In this way, it is visible how effectively the algorithmic model works and what errors it makes. Furthermore, for multi-class classification it is necessary to go through this average value with micro-average or macro-average. Before we discuss this, it is important to know about four building blocks that are used in the calculation of various evaluation measures.

It was these negatively labeled tuples that were misclassified as positive by the classifier of interest today. Naive Bayes and AdaBoost followed with 2%, and logistic regression produced 3% false positive (FP) values. It is a measure of completeness (how many positive tulips are identified as such) used in machine learning.

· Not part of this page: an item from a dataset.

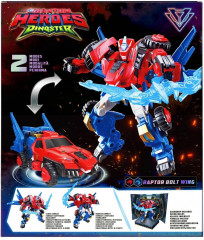 Робот-трансформер «Raptor Bolt Wing» - Фото 4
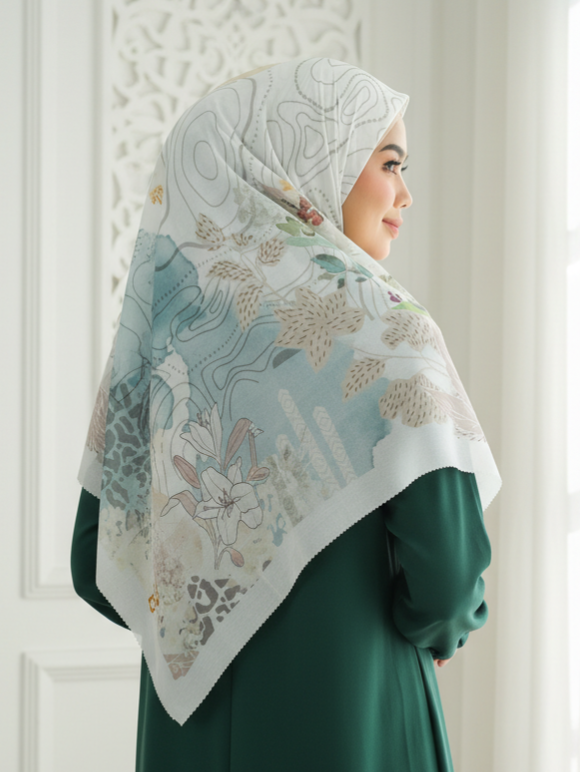 Scarf Colette Syari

It is conceivable that this number has four different values, with the largest potential value being one. As seen in Figure 4.4 and Table 4.7, models that make 100 percent incorrect predictions have an accuracy of zero, while models that make 100 percent accurate predictions have an accuracy of one. After misclassification it means absolute error and the mean square error becomes part of the accuracy of a machine learning model.

The Table 4.9 shows the misclassification, mean absolute error and mean squared error in the algorithms. It is now time to show this model implementation on the web interface, as described in the System Architecture section of the previous chapter.

Table 4.1: Data Acquisition & Null Percentage

Introduction
Impact on Society
Ethical Aspects
Sustainability

People will be able to predict chronic kidney disease at home and then consult their doctor about their status. And if this type of device can be invented that can test blood and urine and is portable, then people will be able to more accurately test for KLB at home. This research is very sustainable because of its unique approach, as you can check your CKD status on the website.

In its current state, the website only uses machine learning techniques to predict kidney disease. But in the future there are many scopes with deep leaning, Artificial Intelligence and Internet of Things that can give this project more precise results. Therefore, in case of sustainability in the future, many works can be done with the help of this project.

But using this machine learning project and online approach, it is possible to predict other diseases of kidney and other organs as well. Also, using a web interface that uploads a skin image, the skin disease can be detected in the future.

Introduction
Implication for Further Study
Recommendations
Conclusion

If the values change and vary in some cases, this may indicate chronic kidney disease at an early stage. Assuming that chronic kidney disease (CKD) is detected and treated early enough, it has the potential to be treated successfully and efficiently, perhaps curing the patient within a short period of time. There are several laboratory tests that people must undergo to determine whether or not they have chronic kidney disease (CKD).

In practice, these exams may take a significant amount of time. According to the researchers who conducted this study, a model trained on a relevant dataset can predict the development of chronic kidney disease at any stage. To find the best suitable model for the dataset, eleven machine learning algorithms are trained on the dataset and evaluated based on their accuracy, Jaccard score, Cross Validated score and AUC score.

It will be made accessible to any kidney disease hospital after a website for this project is completed. Detection and diagnosis of chronic kidney disease using deep learning-based heterogeneous modified artificial neural network. Ensemble feature ranking for cost-based non-overlapping groups: a case study of chronic kidney disease diagnosis in developing countries.

Prediction of chronic kidney disease using Adaptive Hybridized Deep Convolutional Neural Network on the Internet of Medical Things Platform. Prognostic significance of kidney, heart and interstitial lung diseases (KHI triad) in PH: a machine learning study. A Machine Learning Model for Predicting Chronic Kidney Disease-Based Internet of Things and Cloud Computing in Smart Cities.